▶ Try it
Whenever the word "Black" appears in a line of the data below, copy that line.

▶ Exercise material
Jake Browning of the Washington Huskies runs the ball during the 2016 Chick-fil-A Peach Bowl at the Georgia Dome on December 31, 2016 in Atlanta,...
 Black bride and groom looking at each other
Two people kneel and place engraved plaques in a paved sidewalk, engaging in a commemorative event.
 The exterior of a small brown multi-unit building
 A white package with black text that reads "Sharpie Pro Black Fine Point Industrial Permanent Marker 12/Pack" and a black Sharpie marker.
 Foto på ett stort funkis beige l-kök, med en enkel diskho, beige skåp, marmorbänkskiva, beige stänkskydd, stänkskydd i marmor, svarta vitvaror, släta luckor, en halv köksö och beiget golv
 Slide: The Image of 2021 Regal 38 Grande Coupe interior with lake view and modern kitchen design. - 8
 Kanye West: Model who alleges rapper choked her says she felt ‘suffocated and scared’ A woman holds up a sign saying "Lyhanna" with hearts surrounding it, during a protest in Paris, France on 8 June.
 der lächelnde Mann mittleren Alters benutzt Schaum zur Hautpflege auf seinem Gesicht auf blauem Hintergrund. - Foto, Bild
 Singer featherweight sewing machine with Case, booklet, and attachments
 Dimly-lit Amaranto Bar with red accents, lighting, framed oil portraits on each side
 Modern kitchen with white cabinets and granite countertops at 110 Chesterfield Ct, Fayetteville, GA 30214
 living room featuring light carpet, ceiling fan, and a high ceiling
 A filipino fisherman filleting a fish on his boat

▶ Expected output
 Black bride and groom looking at each other
 A white package with black text that reads "Sharpie Pro Black Fine Point Industrial Permanent Marker 12/Pack" and a black Sharpie marker.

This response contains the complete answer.